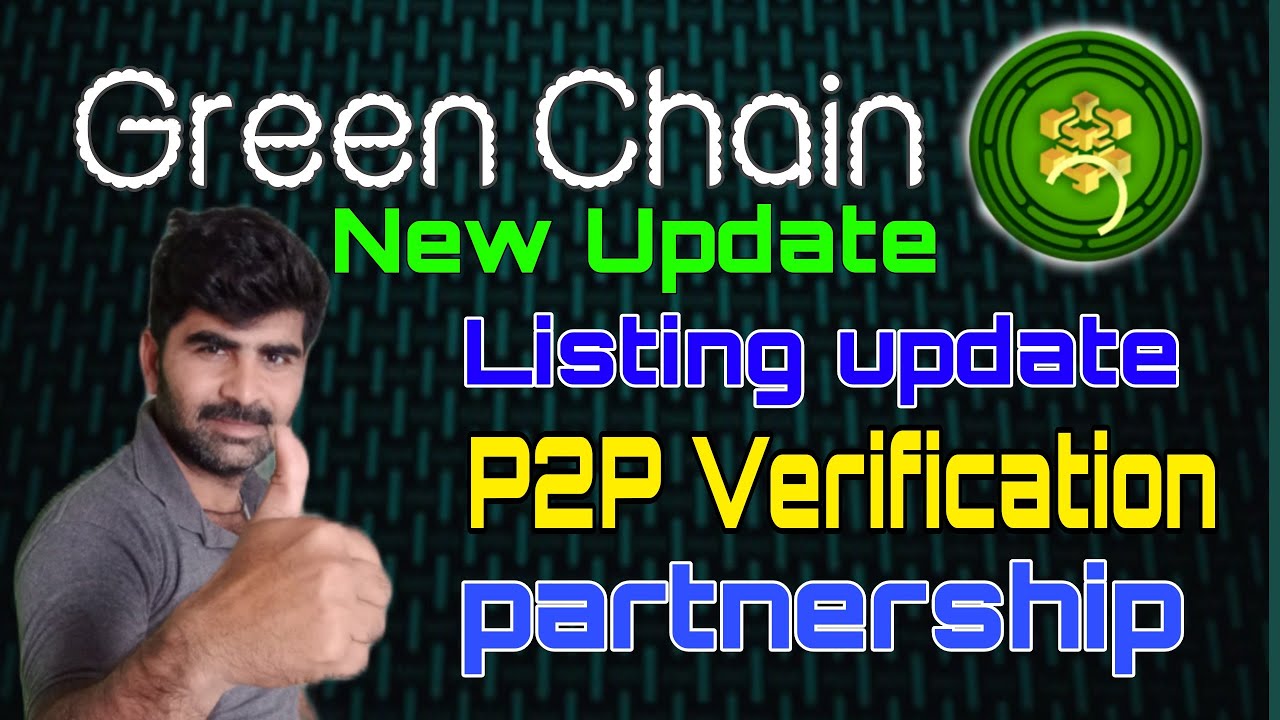 Green Chain App Listing Green Chain App p2p verification Green Chain App partnership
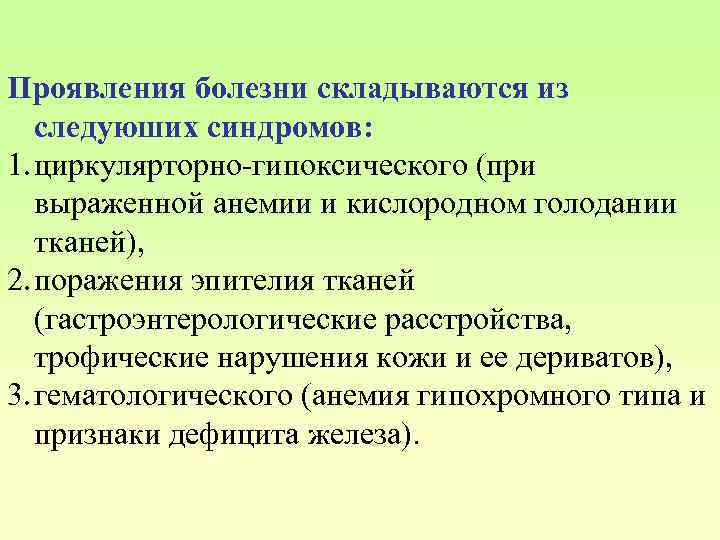 Проявления болезни складываются из следуюших синдромов: 1. циркулярторно-гипоксического (при выраженной анемии и кислородном голодании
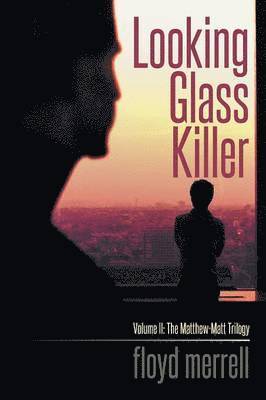 Floyd Merrell - Looking Glass Killer, Häftad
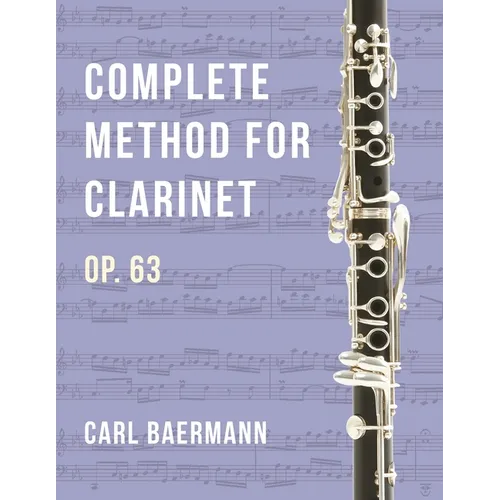 O32 - Complete Method for Clarinet Op. 63 - C. Baerman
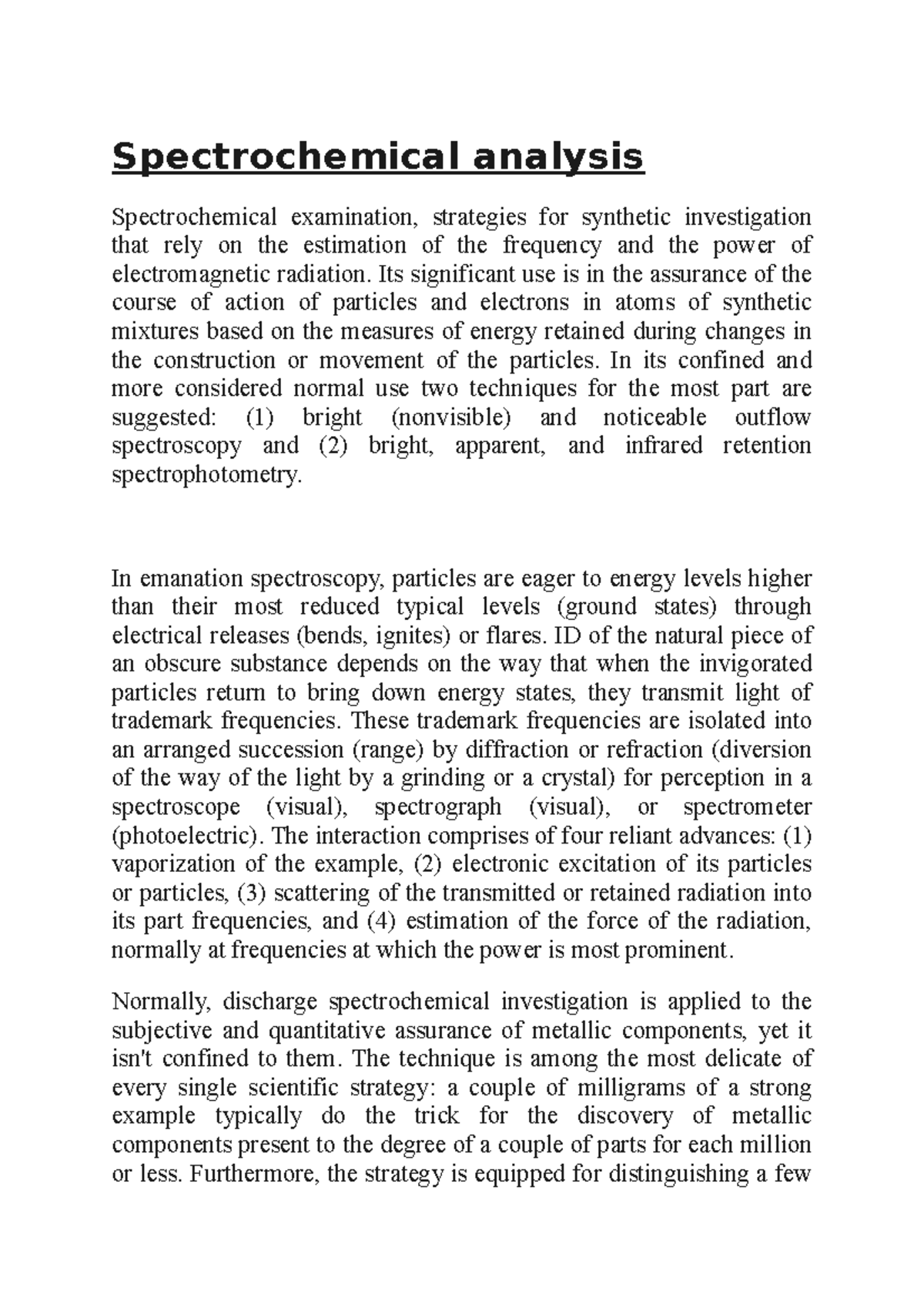 Spectrochemical analysis Spectrochemical analysis Spectrochemical examination, strategies for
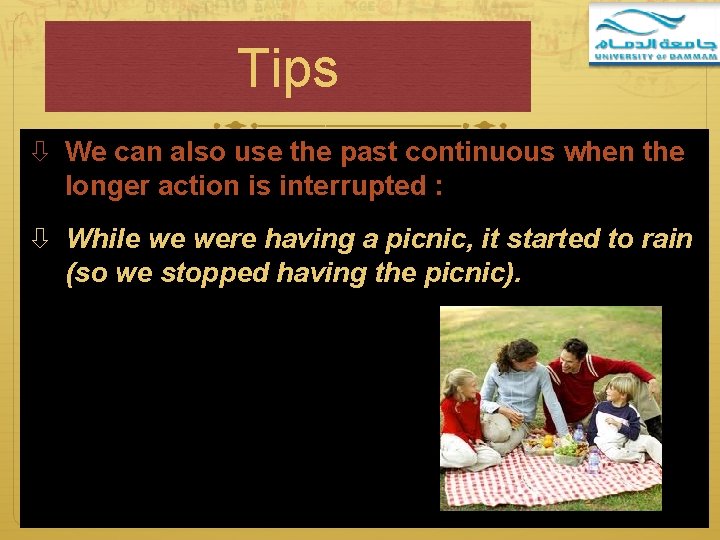 Tips We can also use the past continuous when the longer action is interrupted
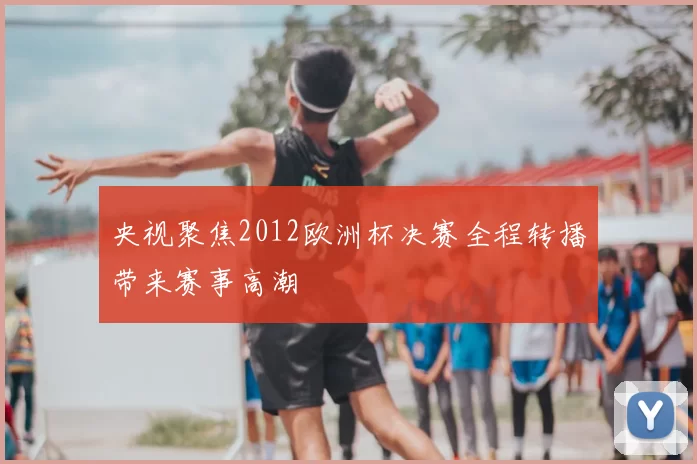 央视聚焦2012欧洲杯决赛全程转播带来赛事高潮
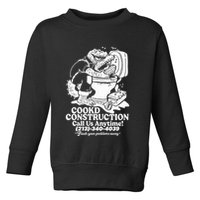 Cookd Construction Call Us Anytime 213 340 4039 Flush Your Problems Away Toddler Sweatshirt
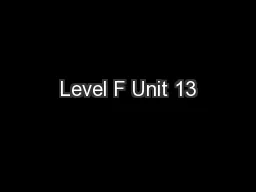 Level F Unit 13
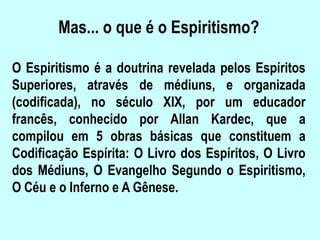 Mas... o que é o Espiritismo?
O Espiritismo é a doutrina revelada pelos Espíritos
Superiores, através de médiuns, e organizada
(codificada), no século XIX, por um educador
francês, conhecido por Allan Kardec, que a
compilou em 5 obras básicas que constituem a
Codificação Espírita: O Livro dos Espíritos, O Livro
dos Médiuns, O Evangelho Segundo o Espiritismo,
O Céu e o Inferno e A Gênese.
 
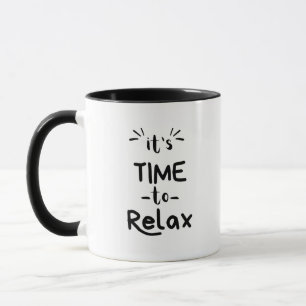 "Il est temps de se détendre" Mug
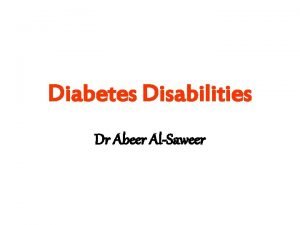 Diabetes Disabilities Dr Abeer AlSaweer Lecture Layout Definition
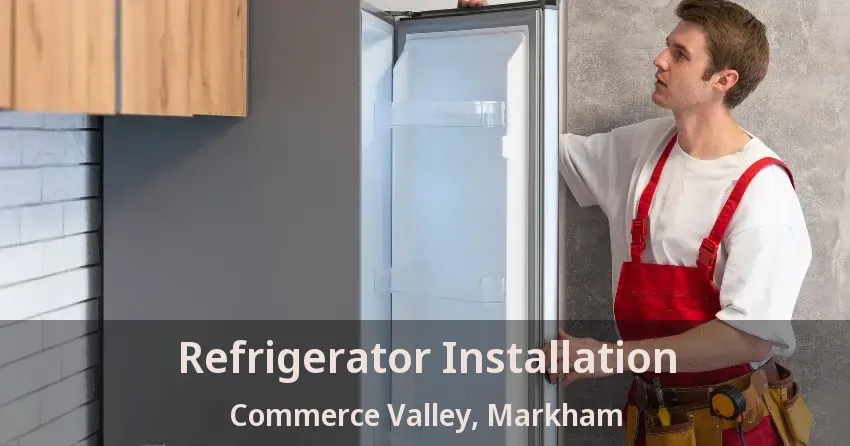 Refrigerator Installation Commerce Valley, Markham - ON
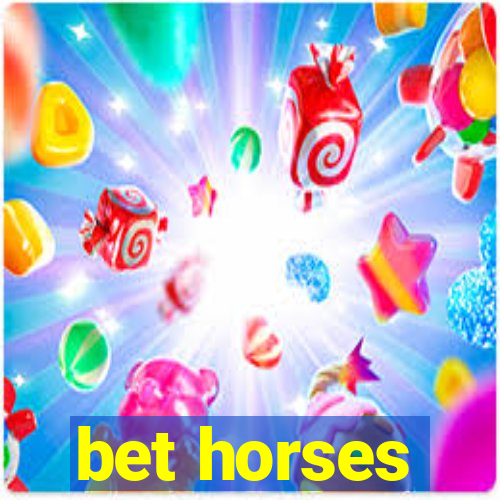 bet horses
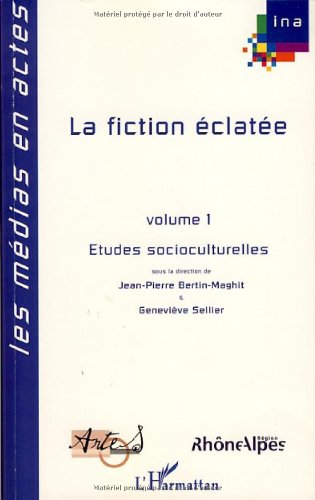 Couverture du livre : La Fiction éclatée, tome 1 - Etudes socioculturelles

### [Problem description]
Every line above is to be duplicated exactly; no picture should be carried over.

### [Task output]
 Green Chain App Listing Green Chain App p2p verification Green Chain App partnership
 Проявления болезни складываются из следуюших синдромов: 1. циркулярторно-гипоксического (при выраженной анемии и кислородном голодании
 Floyd Merrell - Looking Glass Killer, Häftad
 O32 - Complete Method for Clarinet Op. 63 - C. Baerman
 Spectrochemical analysis Spectrochemical analysis Spectrochemical examination, strategies for
 Tips We can also use the past continuous when the longer action is interrupted
 央视聚焦2012欧洲杯决赛全程转播带来赛事高潮
 Cookd Construction Call Us Anytime 213 340 4039 Flush Your Problems Away Toddler Sweatshirt
 Level F Unit 13
 Mas... o que é o Espiritismo?
O Espiritismo é a doutrina revelada pelos Espíritos
Superiores, através de médiuns, e organizada
(codificada), no século XIX, por um educador
francês, conhecido por Allan Kardec, que a
compilou em 5 obras básicas que constituem a
Codificação Espírita: O Livro dos Espíritos, O Livro
dos Médiuns, O Evangelho Segundo o Espiritismo,
O Céu e o Inferno e A Gênese.
 
 "Il est temps de se détendre" Mug
 Diabetes Disabilities Dr Abeer AlSaweer Lecture Layout Definition
 Refrigerator Installation Commerce Valley, Markham - ON
 bet horses
 Couverture du livre : La Fiction éclatée, tome 1 - Etudes socioculturelles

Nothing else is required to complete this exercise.